### INSTRUCTIONS TO FOLLOW:
Write out the records word for word, with no pictures.

[Short web captions]

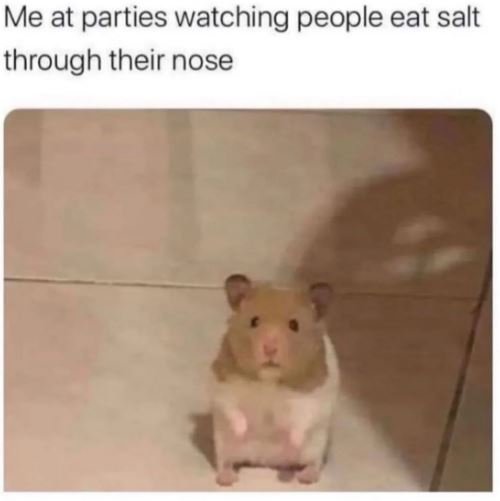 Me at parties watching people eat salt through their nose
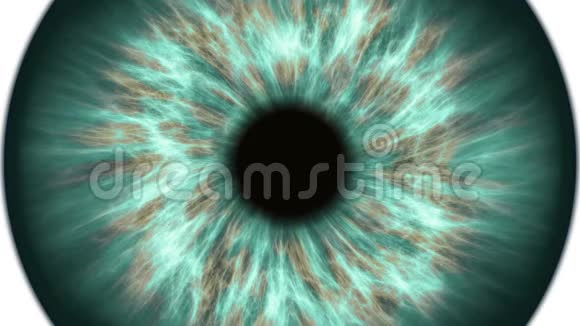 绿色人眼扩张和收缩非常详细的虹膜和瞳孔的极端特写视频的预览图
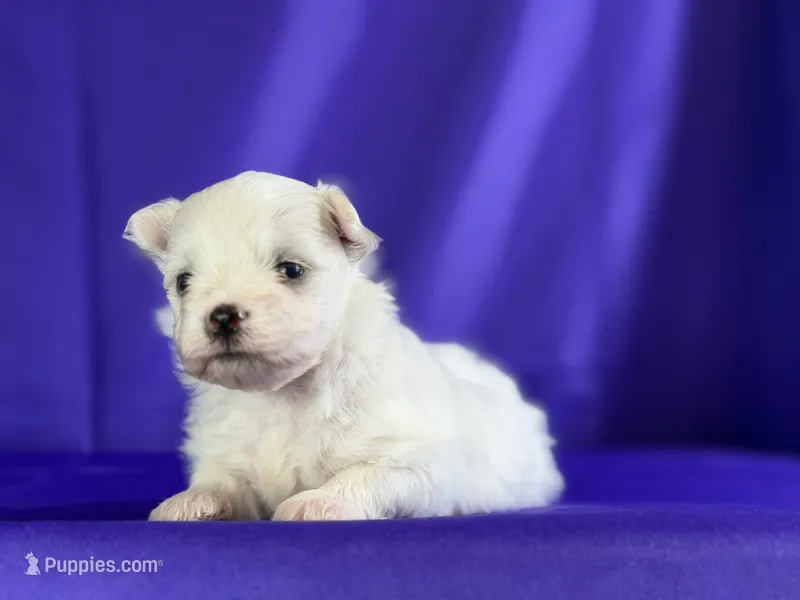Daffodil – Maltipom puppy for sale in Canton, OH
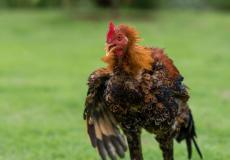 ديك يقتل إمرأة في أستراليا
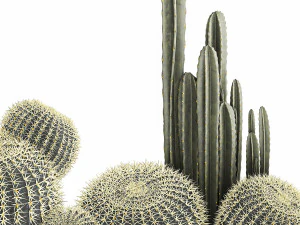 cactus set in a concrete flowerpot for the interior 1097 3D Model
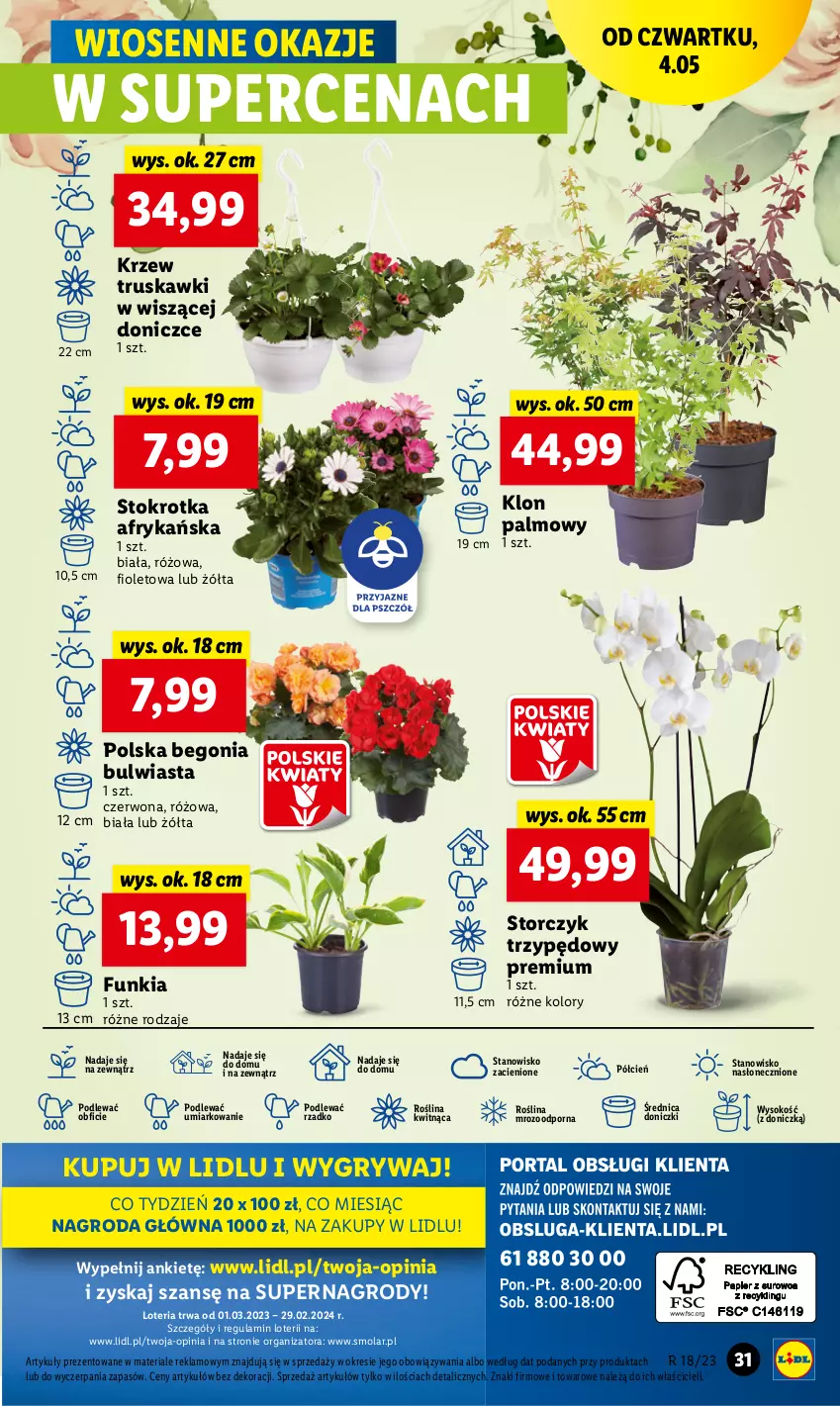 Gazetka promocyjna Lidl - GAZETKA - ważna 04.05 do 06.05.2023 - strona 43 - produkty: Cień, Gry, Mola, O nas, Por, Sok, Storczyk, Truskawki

### TASK ANSWER:
 Me at parties watching people eat salt through their nose
 绿色人眼扩张和收缩非常详细的虹膜和瞳孔的极端特写视频的预览图
Daffodil – Maltipom puppy for sale in Canton, OH
 ديك يقتل إمرأة في أستراليا
 cactus set in a concrete flowerpot for the interior 1097 3D Model
 Gazetka promocyjna Lidl - GAZETKA - ważna 04.05 do 06.05.2023 - strona 43 - produkty: Cień, Gry, Mola, O nas, Por, Sok, Storczyk, Truskawki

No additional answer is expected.